La cour donne comme exemples l’adaptation ou la modification de fonction, la diminution du temps travail ou encore l’adaptation des rythmes de travail et constate, dans ce contexte, que l’attribution d’un horaire à temps partiel excluant les prestations du matin est susceptible de répondre à la définition.
Elle doit dès lors procéder à la vérification du caractère adéquat et raisonnable de la mesure. Doivent intervenir dans l’examen du caractère proportionné ou disproportionné de la charge imposée à l’employeur des éléments concrets, à savoir les coûts financiers et autres que les mesures impliquent, la taille et les ressources financières de l’entreprise ainsi que la possibilité d’obtenir des fonds publics ou toute autre aide.
Renvoyant à la doctrine de J.-F. NEVEN (J.-F. NEVEN, « Le droit européen de la non-discrimination : un impact décisif en faveur d’une obligation généralisée de reclassement professionnel ? », Le maintien au travail de travailleurs devenus partiellement inaptes, coord. M. DAVAGLE, Anthemis, 2013, p. 43), la cour retient qu’il y a trois facteurs principaux devant être pris en compte, étant (i) les contraintes matérielles et financières en rapport avec le contexte économique, (ii) les conflits avec les droits et intérêts fondamentaux d’autrui et (iii) l’impact sur le fonctionnement de l’entreprise, étant les difficultés organisationnelles.
Elle reprend ensuite d’autres éléments de droit sur la charge de la preuve, l’action en cessation elle-même et l’indemnisation forfaitaire.
Elle poursuit, par l’examen des arguments des parties et des données de fait de la cause.
Elle en conclut que le C.P.A.S. ne prouve pas que l’aménagement litigieux lui impose une charge disproportionnée. Il y a certes une charge certaine, en particulier en termes d’organisation d’horaires et de gestion.
La cour rappelle cependant qu’une obligation légale est faite à l’employeur d’assumer une telle charge. La seule exemption est qu’elle soit disproportionnée, question qui doit pour la cour être examinée de manière concrète.
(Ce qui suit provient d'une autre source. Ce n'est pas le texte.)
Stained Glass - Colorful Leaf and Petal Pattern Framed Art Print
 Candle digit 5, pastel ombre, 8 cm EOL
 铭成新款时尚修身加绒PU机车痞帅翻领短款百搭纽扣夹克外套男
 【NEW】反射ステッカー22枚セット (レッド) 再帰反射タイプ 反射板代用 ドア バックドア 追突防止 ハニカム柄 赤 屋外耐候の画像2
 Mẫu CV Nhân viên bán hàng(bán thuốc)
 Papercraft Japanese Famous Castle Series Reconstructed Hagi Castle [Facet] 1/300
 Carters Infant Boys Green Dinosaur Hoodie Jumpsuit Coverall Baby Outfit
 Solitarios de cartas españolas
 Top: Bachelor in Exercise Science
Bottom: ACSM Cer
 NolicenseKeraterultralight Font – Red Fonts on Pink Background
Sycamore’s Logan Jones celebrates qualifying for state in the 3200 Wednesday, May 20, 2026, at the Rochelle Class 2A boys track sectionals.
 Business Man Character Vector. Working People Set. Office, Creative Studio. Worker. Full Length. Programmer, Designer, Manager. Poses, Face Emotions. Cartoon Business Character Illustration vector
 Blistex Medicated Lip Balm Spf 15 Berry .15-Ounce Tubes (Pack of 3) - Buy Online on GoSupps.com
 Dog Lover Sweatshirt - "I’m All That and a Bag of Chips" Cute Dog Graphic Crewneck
L’octroi de cet aménagement pendant près d’un an en 2022 est également pris en considération, ainsi qu’elle le précise textuellement. Il ne s’agit ni d’un précédent ni d’un droit acquis mais « cette mise en situation aurait pu permettre de constater, concrètement, les effets éventuellement disproportionnées de cet aménagement sur le C.P.A.S. ».
En conséquence, elle constate le refus discriminatoire fondé sur le handicap et fait injonction au C.P.A.S. de mettre immédiatement fin à cette discrimination et de remettre l’intéressée au travail selon un horaire de travail à mi-temps ne prévoyant pas de prestations en matinée (hors journées de formation).
La cour fait également droit au paiement de l’indemnité forfaitaire. Elle rouvre cependant les débats par écrit afin de permettre aux parties de calculer le montant définitif et de liquider les dépens.